Fayette County

Lexington police, employees join with Big Brothers to help kids

Urban County Council member Angela Evans talked with Channing Haynes and council member Kevin Stinnett after the Big Brothers Big Sisters of the Bluegrass 60th-anniversary news conference Tuesday. Stinnett was Haynes’ Big Brother when he was a youth.
Urban County Council member Angela Evans talked with Channing Haynes and council member Kevin Stinnett after the Big Brothers Big Sisters of the Bluegrass 60th-anniversary news conference Tuesday. Stinnett was Haynes’ Big Brother when he was a youth. LFUCG

The city of Lexington and Big Brothers Big Sisters have launched two new mentoring programs in celebration of the nonprofit’s 60th anniversary.

The two programs pairing city employees and Lexington police officers with youth will ramp up this year.

“It is our goal to serve 600 children or more each year by 2020,” said at-large Councilman Kevin Stinnett, who is the Big Brothers Big Sisters 60th anniversary chairman and a longtime Big Brother.

“In order to do that, we need the help of our community partners — the city, Lexington Police Department and Fayette County Public Schools — and we need the help of our community to support this growth,” Stinnett said.

The programs were announced Tuesday at a news conference at the Lexington government center.

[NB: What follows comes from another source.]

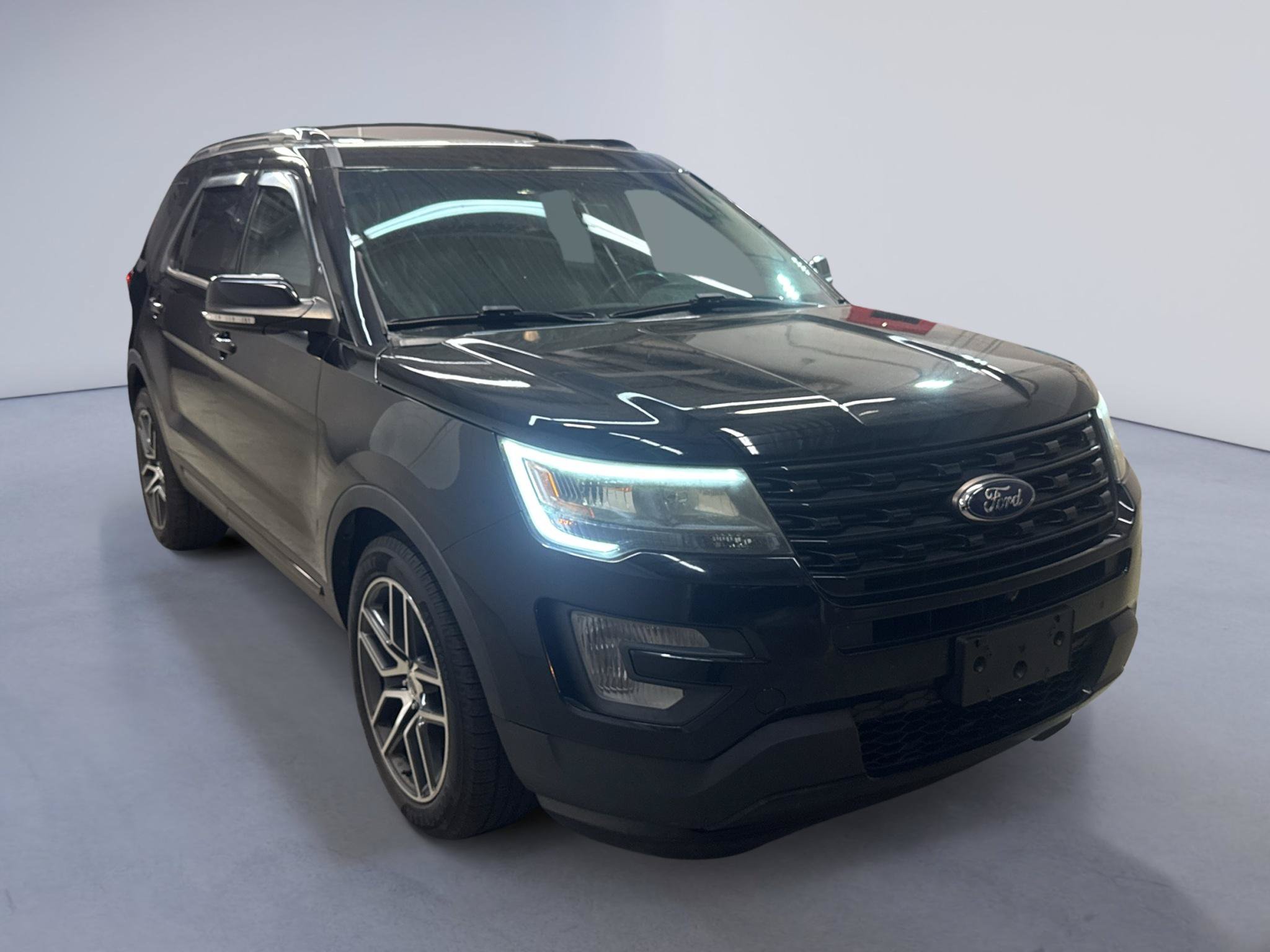 Used 2016 Ford Explorer Sport w/ Equipment Group 401A AWD/4WD image 1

The City Mentors program allows city employees to volunteer as mentors for as long as two hours a week through four agencies including Big Brothers Big Sisters. The program, which was suggested by At-Large Councilman Richard Moloney, has already recruited more than 20 mentors, city officials said.

Bigs in Blue is a national Big Brothers Big Sisters program that partners cops with kids. Lexington police are beginning their program.

“The Lexington Police Department has made growing our partnership with Fayette County Public Schools a priority, through D.A.R.E. class and sponsoring academic teams and now through Bigs in Blue,” Police Chief Mark Barnard said.

Mayor Jim Gray has asked for more community volunteers to mentor youth as part of a larger effort to decrease teen violence.

“You don’t need to be perfect,” Gray said. “You just have to be there for a young person. The time investment is modest. The emotional and community benefits are enormous.”

The volunteer commitment to be a mentor is typically an hour a week for a year.

Male mentors are a growing need, Big Sisters Big Brothers officials said.

The current Big Brothers Big Sisters program serves about 500 children each year, but more than 200 children are on its waiting list, and approximately 70 percent are boys. The average wait for a mentor is a year, and for boys it’s much longer.

Each of the programs supports children in the nonprofit’s school-based programs in the Fayette County school district. Big Brothers Big Sisters has a program at William Wells Brown Elementary School where more than 35 children have received mentoring over the past two years.

But the program needs more volunteers and more money to expand, said Andrea Ooten, president and CEO of Big Brothers Big Sisters.

“We hope that you’ll consider volunteering, donating to our 60th anniversary campaign or joining us at one of our upcoming fundraising events to help support these efforts,” Ooten said.